Jack and Jill went up a hill so Jill could lick Jack's candystick, but Jill got a surprise when she saw her boyfriend Rik. He got so angry Jack has no candystick no more. Jill went home with a black eye, and Rik got arrested for cutting Jack's candystick.
Kid: I don't want to go to the movies.
Mom: Shut your mouth and clean my room!
The moment when you tell an illegal immigrant to go home and he walks to the jail cell and closes it.
One day I went to my friend's apartment, and he told me to make myself at home.

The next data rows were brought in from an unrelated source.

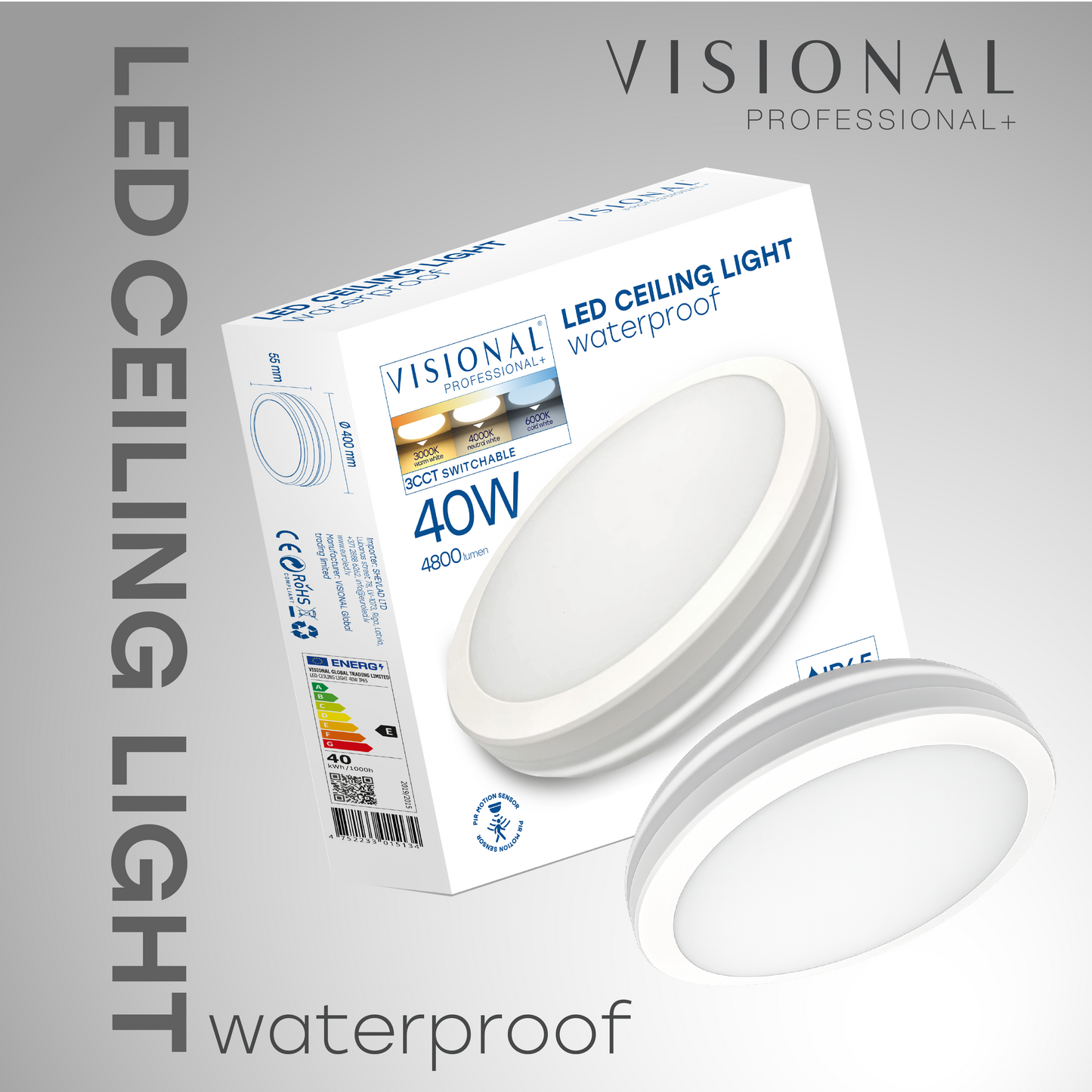 LED Vesitiivis valaisin PIR-liiketunnistimella 40W, 3CCT, 4800Lm, IP65, Ø 400 x 55 mm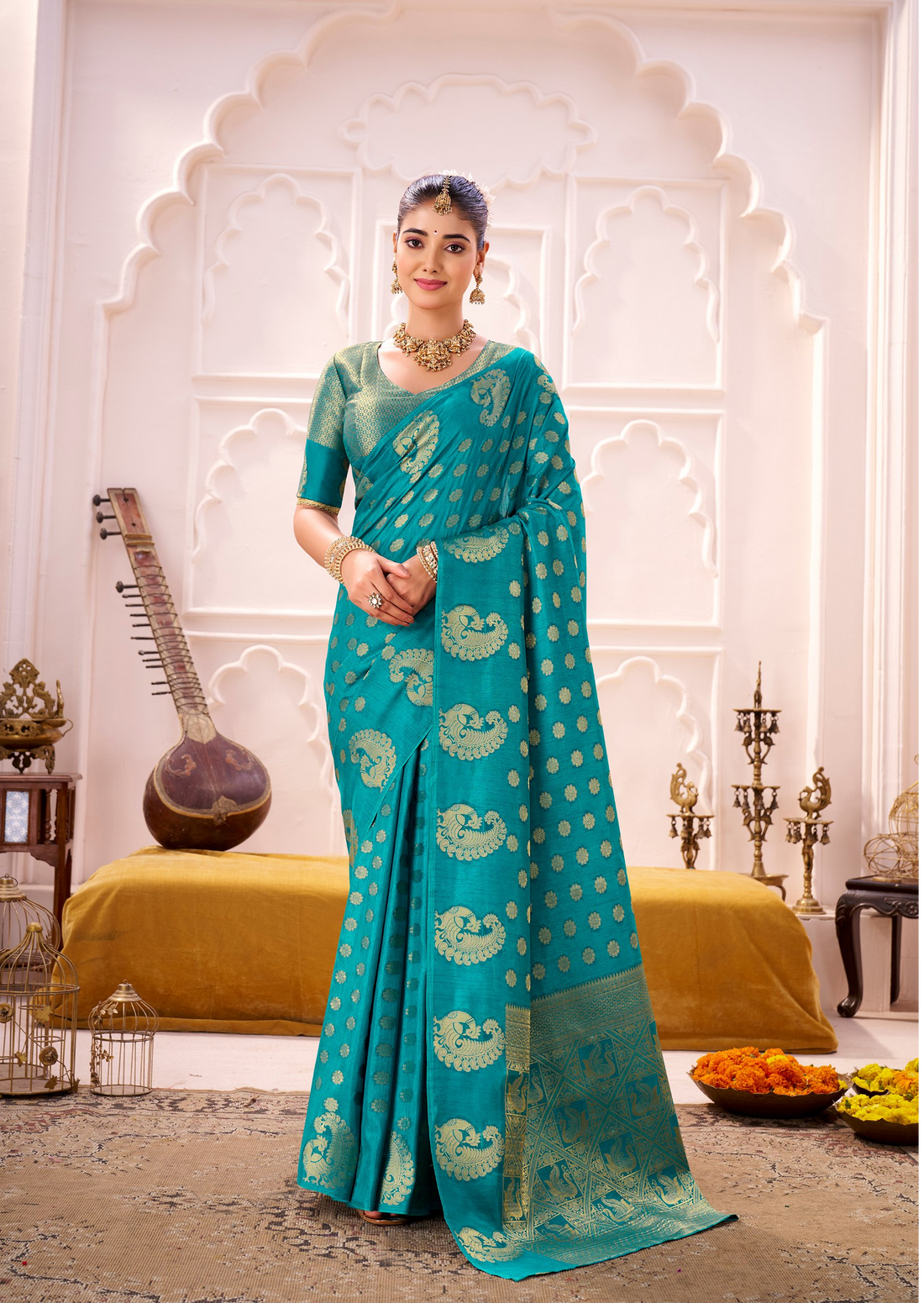 🌟Banzaran Special Saraswati Roop Silk Saree – Exquisite Zari Weaving Elegance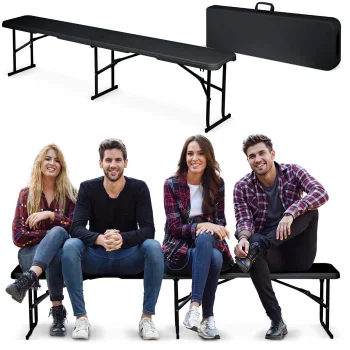Plonos 440201 Folding Garden and Catering Bench 180 cm, Black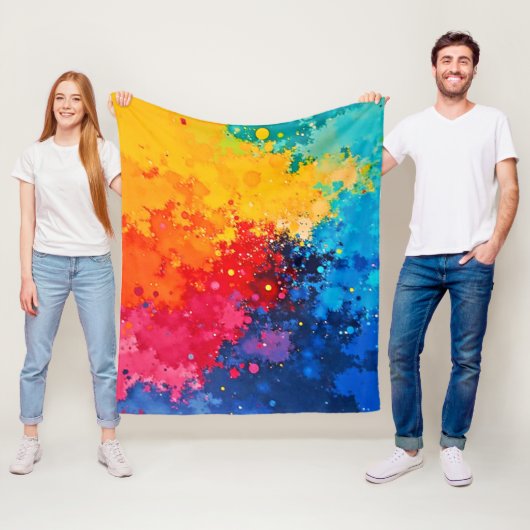 Lebendige Wasserfarben-Chaos-Kunst Fleecedecke (Beispiel)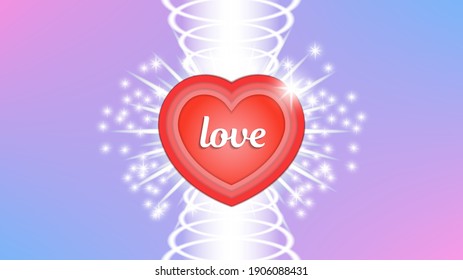 Festive greeting card with red layered heart and the word love. Bright white glowing circles, rays and sparks. Flashes and shadows. Clipping mask. EPS10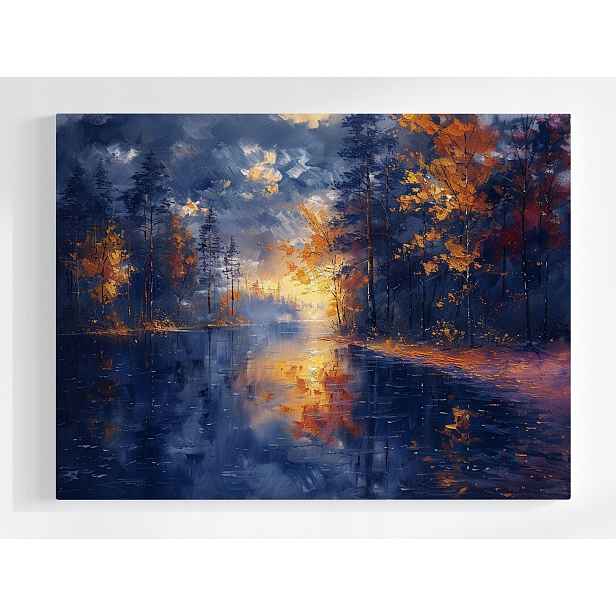 Plakát Les Stromy Jezero Odraz Podzim Slunce 100x75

I threw him out of the window. I hate having visitors!
Why does an orphanage have milk?
Because Dad never came back with the milk.
Q: How do you know if an Asian broke into your house?
A: All your homework and the Rubik's cube you spent a year on and still can’t solve is solved. 🤓🤓🤓🤓
I went up to an orphan bully and I said, "Here, look, I made a website!"
The orphan likes it, but the kid says, "I forgot one feature, though... the home button."
Why can’t orphans have phones?
Because it has a home button.
Why don’t orphans play baseball?
Because they can’t get a home run.
Yo momma is so fat, her bellybutton gets home 15 minutes before she does.
Why do the orphans fuck in their cars?
Because they don't know what a home is.
What's an orphan's favorite battle zone? The home front.